I was also told to treat myself to have a new red wallet for Chinese New year. Why. The reason is Red represents the Feng Shui fire element that will balance the water in this Dragon Year and help protect your finances.
Those are all customs and beliefs and represent collective wisdom of thoughts followed over the years.
At the same time I have certain bottom-line thoughts on simple management of one’s savings and investments.
That is what I wish to share on this Chinese New year day of 2012.
My management school taught me only the text book definition of finance and investment.
On the ground level I have noticed many of my friends practically learnt and burnt what it is.
They define investment as the balance between greed and fear.
If it gives you peaceful sleep it is ok.
If it churns your stomach then you’re in for confusion or trouble.
I have not seen what they are.
They are simply psychological.
Then where is the sweet or sour spot.
Some say it is there in your risk tolerance.
I cannot ask any one that show me or find me one.
I am simply an average-Joe.
Most of the time an average-Joe like me would face an outcome that he would not otherwise expect especially with his finances and investments. Because mostly we try to follow the herd!
Then what one can do to avoid the decision dilemma?
You ask yourself the depth of your risk taking ability before either to buy shares, junk bonds, invest in commodities or in options–futures or buy homes on monthly installments. Otherwise don’t attempt any investment ventures with half baked mind and willingness.
What I feel is beyond access to resources your personality plays a vital part in the decision making chain both in the short and in the long run.
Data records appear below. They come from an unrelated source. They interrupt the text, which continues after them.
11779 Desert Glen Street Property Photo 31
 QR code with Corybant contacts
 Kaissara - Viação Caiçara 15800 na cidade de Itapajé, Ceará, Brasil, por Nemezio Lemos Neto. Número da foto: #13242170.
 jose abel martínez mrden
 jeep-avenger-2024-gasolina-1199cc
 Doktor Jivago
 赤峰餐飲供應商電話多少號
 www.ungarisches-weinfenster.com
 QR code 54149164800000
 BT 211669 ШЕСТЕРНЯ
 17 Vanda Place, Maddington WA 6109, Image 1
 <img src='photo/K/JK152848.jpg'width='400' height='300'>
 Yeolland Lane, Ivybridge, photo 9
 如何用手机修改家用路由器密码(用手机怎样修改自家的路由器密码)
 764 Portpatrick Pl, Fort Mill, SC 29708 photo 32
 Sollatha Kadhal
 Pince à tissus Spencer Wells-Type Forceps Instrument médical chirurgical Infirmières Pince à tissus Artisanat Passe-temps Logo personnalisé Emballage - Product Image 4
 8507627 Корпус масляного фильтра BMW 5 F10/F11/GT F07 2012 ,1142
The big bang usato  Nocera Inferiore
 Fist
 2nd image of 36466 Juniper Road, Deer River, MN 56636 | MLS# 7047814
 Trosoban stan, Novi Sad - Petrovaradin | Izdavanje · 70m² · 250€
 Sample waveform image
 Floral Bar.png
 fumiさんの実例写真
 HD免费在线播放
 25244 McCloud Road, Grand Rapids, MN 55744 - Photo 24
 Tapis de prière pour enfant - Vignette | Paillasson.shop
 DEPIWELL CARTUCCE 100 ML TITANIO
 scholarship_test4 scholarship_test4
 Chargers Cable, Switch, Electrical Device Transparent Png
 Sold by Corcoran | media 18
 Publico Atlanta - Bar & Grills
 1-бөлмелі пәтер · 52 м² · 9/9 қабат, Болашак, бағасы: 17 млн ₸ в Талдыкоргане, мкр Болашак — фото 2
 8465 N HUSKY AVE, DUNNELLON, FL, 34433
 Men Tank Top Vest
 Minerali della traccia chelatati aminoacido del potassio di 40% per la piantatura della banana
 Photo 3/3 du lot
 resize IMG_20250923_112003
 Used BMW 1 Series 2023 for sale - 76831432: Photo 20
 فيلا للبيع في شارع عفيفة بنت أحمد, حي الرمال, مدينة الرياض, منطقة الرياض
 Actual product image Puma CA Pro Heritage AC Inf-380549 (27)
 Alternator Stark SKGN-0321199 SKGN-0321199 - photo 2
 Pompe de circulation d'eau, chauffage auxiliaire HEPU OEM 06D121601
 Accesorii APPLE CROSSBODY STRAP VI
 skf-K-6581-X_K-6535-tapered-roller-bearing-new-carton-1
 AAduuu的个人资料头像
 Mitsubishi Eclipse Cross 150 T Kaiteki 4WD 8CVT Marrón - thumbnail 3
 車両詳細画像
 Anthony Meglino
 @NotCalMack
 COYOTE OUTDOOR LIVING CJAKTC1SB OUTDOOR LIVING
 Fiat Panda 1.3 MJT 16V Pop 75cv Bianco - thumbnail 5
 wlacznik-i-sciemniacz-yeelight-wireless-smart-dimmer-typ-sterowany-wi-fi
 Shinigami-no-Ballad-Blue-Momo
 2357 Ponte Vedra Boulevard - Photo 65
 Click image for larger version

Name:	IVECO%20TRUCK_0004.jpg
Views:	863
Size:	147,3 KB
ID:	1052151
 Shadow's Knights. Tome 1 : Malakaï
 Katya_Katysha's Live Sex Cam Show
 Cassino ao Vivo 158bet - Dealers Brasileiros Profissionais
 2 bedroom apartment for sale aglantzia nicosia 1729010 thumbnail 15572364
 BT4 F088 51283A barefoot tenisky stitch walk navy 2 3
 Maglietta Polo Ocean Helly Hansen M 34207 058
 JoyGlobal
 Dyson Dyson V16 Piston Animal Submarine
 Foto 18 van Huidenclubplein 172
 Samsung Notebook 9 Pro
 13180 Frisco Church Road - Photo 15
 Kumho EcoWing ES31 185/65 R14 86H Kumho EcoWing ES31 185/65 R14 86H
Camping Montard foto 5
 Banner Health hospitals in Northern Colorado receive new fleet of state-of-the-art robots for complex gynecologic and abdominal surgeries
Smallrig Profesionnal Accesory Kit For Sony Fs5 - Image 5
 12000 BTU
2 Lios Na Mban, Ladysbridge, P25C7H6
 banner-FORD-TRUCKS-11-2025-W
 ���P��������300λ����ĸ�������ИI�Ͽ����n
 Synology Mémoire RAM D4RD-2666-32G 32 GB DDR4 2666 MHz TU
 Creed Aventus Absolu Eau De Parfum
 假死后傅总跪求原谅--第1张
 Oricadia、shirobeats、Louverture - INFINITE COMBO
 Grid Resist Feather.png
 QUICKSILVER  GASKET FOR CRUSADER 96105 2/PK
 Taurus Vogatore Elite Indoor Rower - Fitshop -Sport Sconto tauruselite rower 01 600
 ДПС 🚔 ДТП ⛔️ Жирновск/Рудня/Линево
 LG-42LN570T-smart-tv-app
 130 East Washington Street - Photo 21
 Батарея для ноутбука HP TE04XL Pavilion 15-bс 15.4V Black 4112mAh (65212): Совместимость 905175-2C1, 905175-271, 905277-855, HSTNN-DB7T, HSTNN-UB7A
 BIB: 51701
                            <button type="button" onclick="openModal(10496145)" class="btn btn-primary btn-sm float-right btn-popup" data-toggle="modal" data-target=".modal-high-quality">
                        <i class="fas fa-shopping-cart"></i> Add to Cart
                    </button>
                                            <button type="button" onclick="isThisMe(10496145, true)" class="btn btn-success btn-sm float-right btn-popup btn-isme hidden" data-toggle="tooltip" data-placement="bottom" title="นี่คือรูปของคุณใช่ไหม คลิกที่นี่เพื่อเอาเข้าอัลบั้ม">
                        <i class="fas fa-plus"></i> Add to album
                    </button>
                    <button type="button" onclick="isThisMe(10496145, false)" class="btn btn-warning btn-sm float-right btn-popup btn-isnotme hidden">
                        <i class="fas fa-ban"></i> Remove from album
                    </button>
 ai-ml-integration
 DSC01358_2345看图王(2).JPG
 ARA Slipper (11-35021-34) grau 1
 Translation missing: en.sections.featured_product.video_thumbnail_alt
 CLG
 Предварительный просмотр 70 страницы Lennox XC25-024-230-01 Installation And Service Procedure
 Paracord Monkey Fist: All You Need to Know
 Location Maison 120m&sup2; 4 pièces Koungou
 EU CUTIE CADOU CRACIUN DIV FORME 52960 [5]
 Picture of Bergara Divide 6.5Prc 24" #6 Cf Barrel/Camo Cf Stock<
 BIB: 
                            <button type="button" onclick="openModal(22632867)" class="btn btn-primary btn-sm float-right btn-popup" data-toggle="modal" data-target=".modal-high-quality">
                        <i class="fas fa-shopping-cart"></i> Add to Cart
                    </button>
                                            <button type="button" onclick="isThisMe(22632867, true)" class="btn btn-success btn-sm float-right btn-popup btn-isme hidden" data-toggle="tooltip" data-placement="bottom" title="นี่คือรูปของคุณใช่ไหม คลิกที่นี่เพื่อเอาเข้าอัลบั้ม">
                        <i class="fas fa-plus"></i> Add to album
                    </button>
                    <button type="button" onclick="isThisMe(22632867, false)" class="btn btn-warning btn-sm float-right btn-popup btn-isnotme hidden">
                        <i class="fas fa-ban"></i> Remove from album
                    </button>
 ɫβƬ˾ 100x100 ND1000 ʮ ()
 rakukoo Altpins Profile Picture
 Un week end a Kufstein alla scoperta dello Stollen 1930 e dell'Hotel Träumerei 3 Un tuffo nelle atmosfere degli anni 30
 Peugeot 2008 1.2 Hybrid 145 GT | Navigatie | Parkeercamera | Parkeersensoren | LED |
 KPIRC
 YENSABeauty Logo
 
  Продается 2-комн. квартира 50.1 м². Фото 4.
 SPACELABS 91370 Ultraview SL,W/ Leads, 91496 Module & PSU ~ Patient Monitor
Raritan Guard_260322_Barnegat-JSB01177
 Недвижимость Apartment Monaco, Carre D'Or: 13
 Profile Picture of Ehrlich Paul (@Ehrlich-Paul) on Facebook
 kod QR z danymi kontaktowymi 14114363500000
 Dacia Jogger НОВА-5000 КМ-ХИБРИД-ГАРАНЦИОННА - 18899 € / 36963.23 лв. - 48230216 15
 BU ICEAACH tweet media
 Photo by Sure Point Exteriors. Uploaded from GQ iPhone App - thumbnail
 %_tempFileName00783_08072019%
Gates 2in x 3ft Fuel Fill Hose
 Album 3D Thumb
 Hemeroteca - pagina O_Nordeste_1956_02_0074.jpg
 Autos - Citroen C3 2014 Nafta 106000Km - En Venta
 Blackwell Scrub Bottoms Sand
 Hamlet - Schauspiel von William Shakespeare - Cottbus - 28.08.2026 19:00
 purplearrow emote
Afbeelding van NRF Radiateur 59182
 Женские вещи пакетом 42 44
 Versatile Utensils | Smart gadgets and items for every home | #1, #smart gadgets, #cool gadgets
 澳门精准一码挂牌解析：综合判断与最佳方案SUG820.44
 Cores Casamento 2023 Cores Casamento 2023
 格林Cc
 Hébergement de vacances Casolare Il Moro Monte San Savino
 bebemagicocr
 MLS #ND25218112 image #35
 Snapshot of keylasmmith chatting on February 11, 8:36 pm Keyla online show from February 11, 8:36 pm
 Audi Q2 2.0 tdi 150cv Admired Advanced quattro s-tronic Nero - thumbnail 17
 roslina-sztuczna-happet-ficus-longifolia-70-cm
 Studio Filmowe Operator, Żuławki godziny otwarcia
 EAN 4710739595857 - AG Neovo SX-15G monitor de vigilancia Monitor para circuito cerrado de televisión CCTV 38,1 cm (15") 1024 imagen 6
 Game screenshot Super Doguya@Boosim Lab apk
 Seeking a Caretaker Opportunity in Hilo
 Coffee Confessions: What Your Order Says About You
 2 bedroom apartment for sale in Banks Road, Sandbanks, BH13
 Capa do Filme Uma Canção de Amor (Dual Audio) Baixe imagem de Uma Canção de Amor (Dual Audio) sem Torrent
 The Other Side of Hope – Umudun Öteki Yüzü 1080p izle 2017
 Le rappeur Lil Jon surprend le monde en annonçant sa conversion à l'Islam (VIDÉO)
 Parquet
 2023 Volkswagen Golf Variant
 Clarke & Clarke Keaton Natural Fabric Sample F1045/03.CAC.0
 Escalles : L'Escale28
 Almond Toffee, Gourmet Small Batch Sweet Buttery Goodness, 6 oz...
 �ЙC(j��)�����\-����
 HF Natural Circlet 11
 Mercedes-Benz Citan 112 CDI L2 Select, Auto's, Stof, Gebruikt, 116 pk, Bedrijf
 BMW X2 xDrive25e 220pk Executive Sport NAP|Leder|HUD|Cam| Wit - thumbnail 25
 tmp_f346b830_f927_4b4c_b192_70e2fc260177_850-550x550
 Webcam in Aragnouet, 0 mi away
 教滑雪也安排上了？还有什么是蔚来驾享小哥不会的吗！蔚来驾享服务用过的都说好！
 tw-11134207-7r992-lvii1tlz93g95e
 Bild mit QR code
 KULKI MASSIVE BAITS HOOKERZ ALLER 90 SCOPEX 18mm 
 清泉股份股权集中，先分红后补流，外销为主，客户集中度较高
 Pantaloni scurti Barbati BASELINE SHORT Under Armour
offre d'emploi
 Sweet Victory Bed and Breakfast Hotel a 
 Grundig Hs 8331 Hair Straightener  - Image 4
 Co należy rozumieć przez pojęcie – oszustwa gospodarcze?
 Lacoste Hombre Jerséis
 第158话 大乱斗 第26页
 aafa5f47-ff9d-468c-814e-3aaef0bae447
How do you trust your instincts that normally lead you to the decision taking point?
Individual’s funds availability, age cycle and need cycle may dictate what type of investment risks he or she should make.
No one would guide you on this.
Any investment and financial decision making at a personal level is a different ball game.
I suggest avoiding being herd or overambitious to reserve a space in Forbes ‘richest persons’ list or to become in a short time titans of finance and wealth.
Any one prior to taking your investment decisions may read at least once about
Hetty Green was the richest woman of her time and possibly the first value investor.